What Do You Want 9: Blindness and Blindness or Sight and Sight?

Nov
21
2011

Issue 402

It is possible to describe life and work as learning to see. As a child you learned to see the distinction between yourself and the world. As life goes on, you learn to describe with more accuracy and detail, your world and yourself.

As work impacts you more and more, you acquire the skill of seeing what others cannot see without your training.

Physical sight is one of God’s greatest gifts – given for you to enjoy. To be born without this gift has led some onlookers to propose that the individual denied the gift may have offended the giver in some way. If not the individual, than perhaps the parents are receiving punishment by being denied sight in their child.

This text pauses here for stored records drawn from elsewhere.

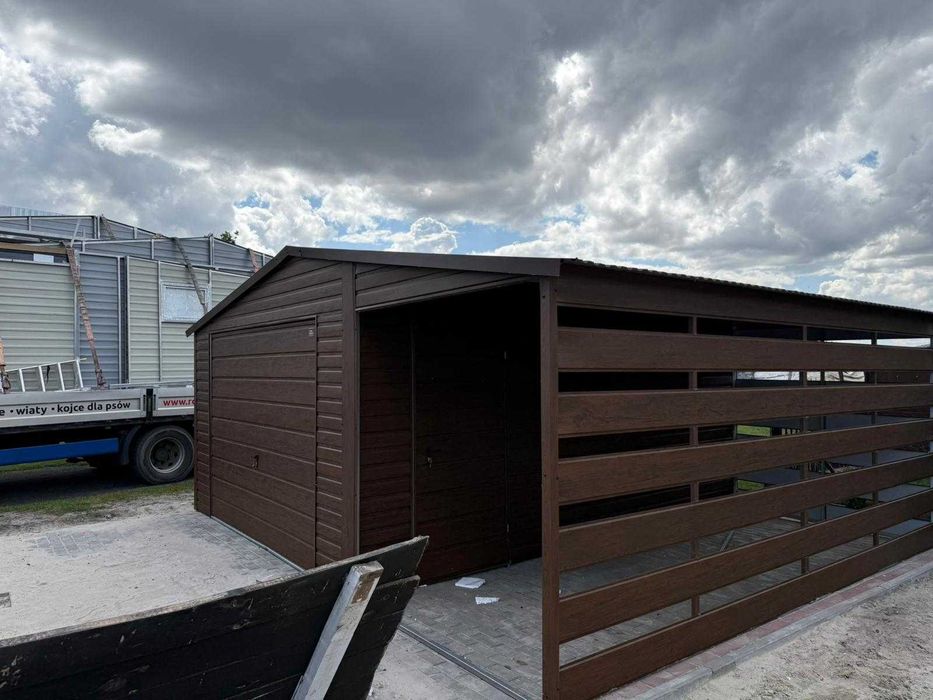 Garaż blaszany Ciemny Orzech 6×5 Dwuspadowy + Wiata Panelowa PREMIUM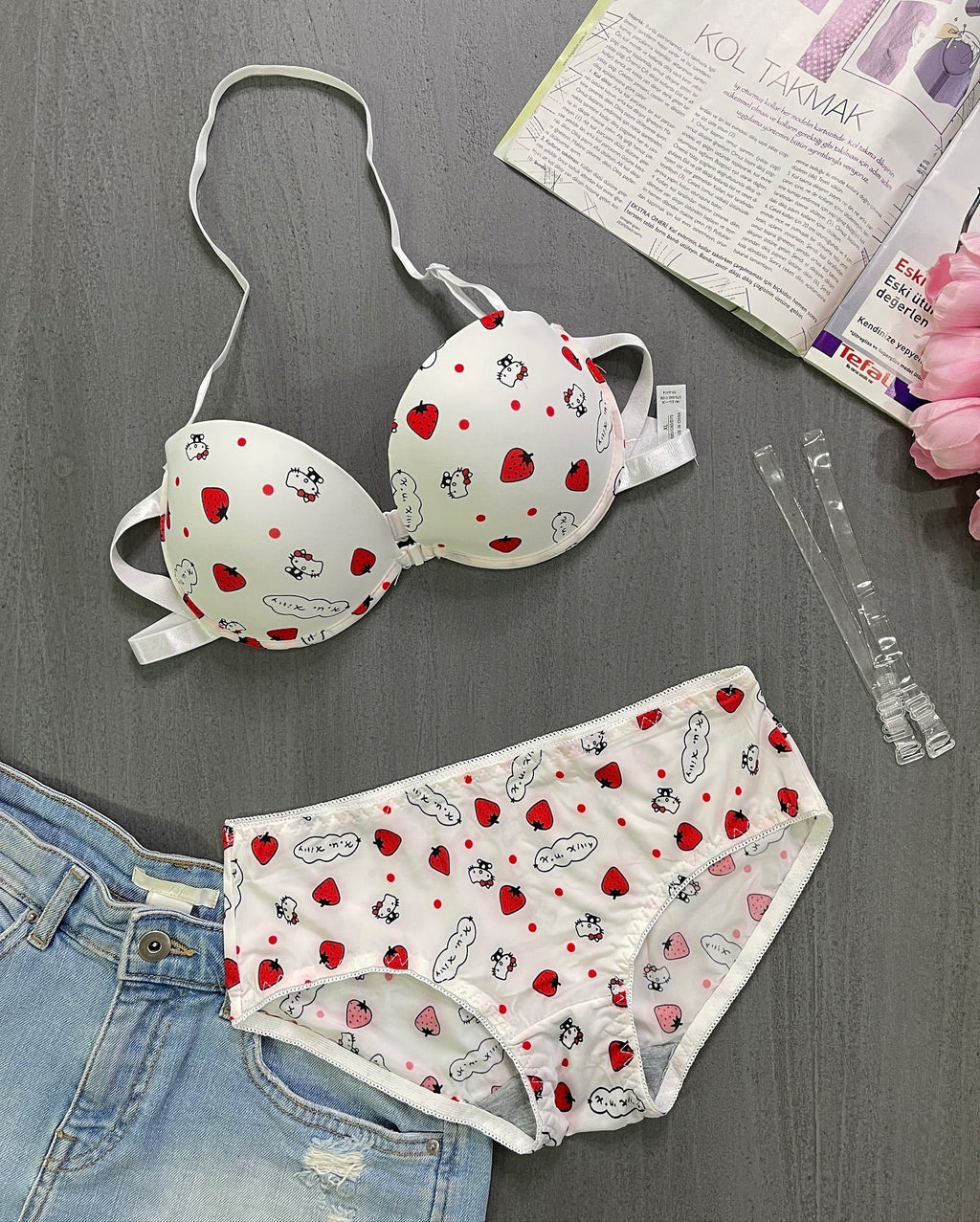 Flourish High Quality Front Open 4 In 1  Push-up Hello Kitty Print Adjustable Straps Bra Panty Set 016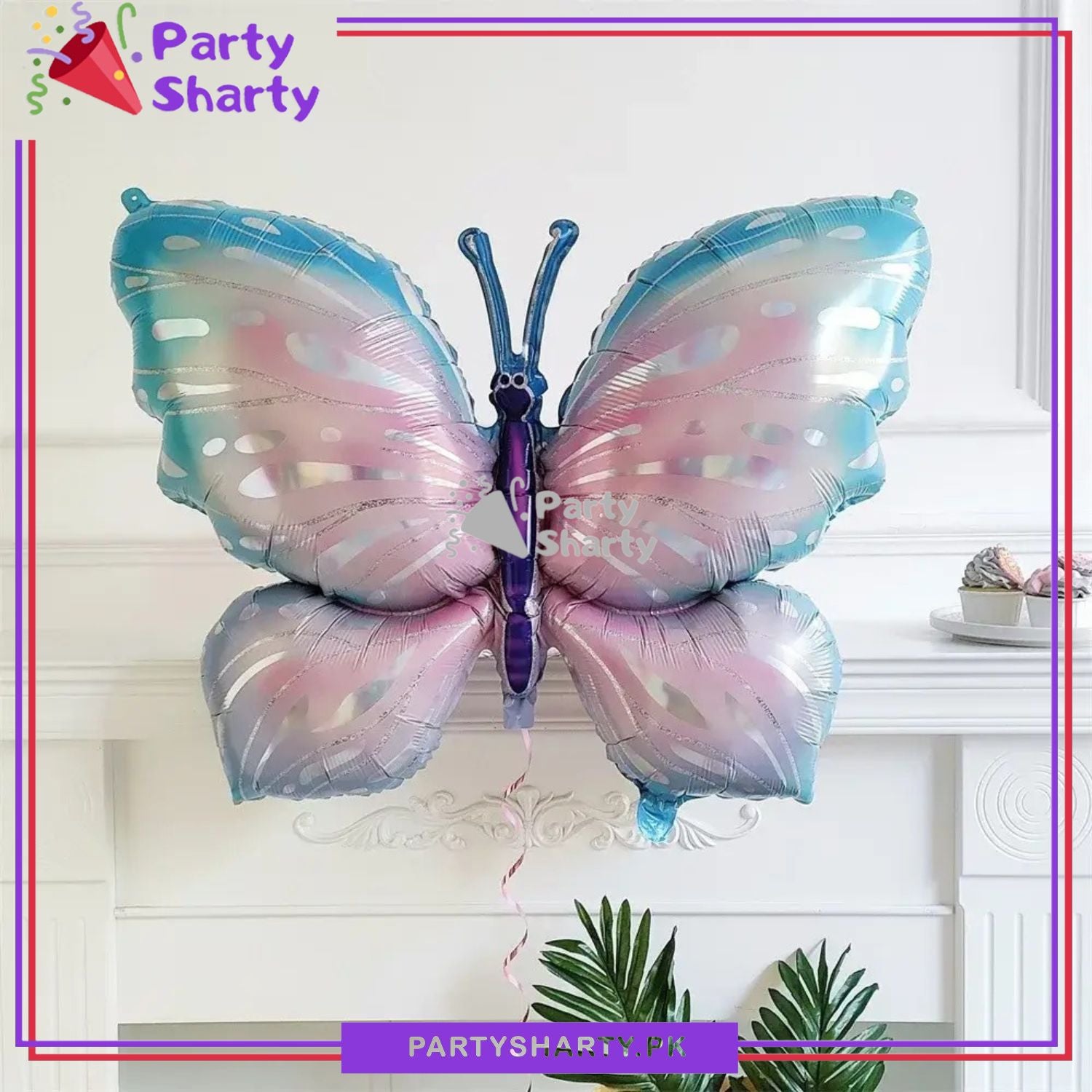 Sky Blue & Pink Shade Butterfly Foil Balloon For Butterfly Themed Birthday, Baby Shower Party and Event Decoration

So Jesus gets asked a question (John 9) when encountering such a person. ‘Who sinned, him or his parents?’ The questioners could not see any other explanation.

Jesus’ reply is a real eye-opener. ‘Neither!’ In this man’s case, Jesus explained, he has this condition so that the work of God could be displayed in him.

It’s a shocking answer. This man was born blind in order to showcase the power of God.

Jesus proceeds to heal him in a two-stage process.

Jesus’ answer opens up a line of thinking. Having some affliction, problem or difficulty may, in some cases, take place so that God can work in an individual’s life for greater good.

Before you write this off as a cop-out, which most people would do, you might like to see that such afflictions are a fact. Whatever you believe about them doesn’t change that fact – they exist. Maybe you have one in your own life – your interpretation will not change the fact of its existence.

Jesus, however, is identifying that, in some cases, the presence of an affliction, followed by divine relief or release from it,causes a better life than never having had the affliction at all. In fact, in some cases, that was why the affliction was present in the first place.

It’s controversial to be sure. It’s hard to see it that way, unless you are prepared to go even further.

This congenital blind man was healed of his blindness. What he encountered straight away was another form of blindness in others.

The religious authorities couldn’t see a miracle because it had taken place on the Sabbath. His own parents couldn’t see the revolution in his life because they were overcome with fear.

Others couldn’t see that Jesus’ action demonstrated his own credentials.

These onlookers had physical sight but couldn’t see the bright light in human form right in front of their eyes.

Now you and I have to see that it was not their inability to see that really infuriated Jesus. Inability never infuriated him. What caused his anger was their refusal to let him open their eyes to see the deep, wide, high and long truth he had brought with him. They pretended to see and refused to be enlightened. That was their folly. They did not want to see because they thought they already could.

When Jesus reconnects with the released man, he invites him to a second eye-opening process. Thrown out of the temple for daring to state the blindingly obvious, the man is now invited to believe in Jesus. He excepts the invitation and worship follows.

Now the whole story makes sense for him. He would not have been willing to believe in Jesus if he had not had his physical eyes open. He would have not had had his physical eyes opened if he had not been blind in the first place.

His final condition was to be the recipient of a gift of spiritual sight – of eyes that will never close again – even in death. He was to be the recipient of the vista of paradise – of never ending beauty. For that is the point of life. That is the point of everything.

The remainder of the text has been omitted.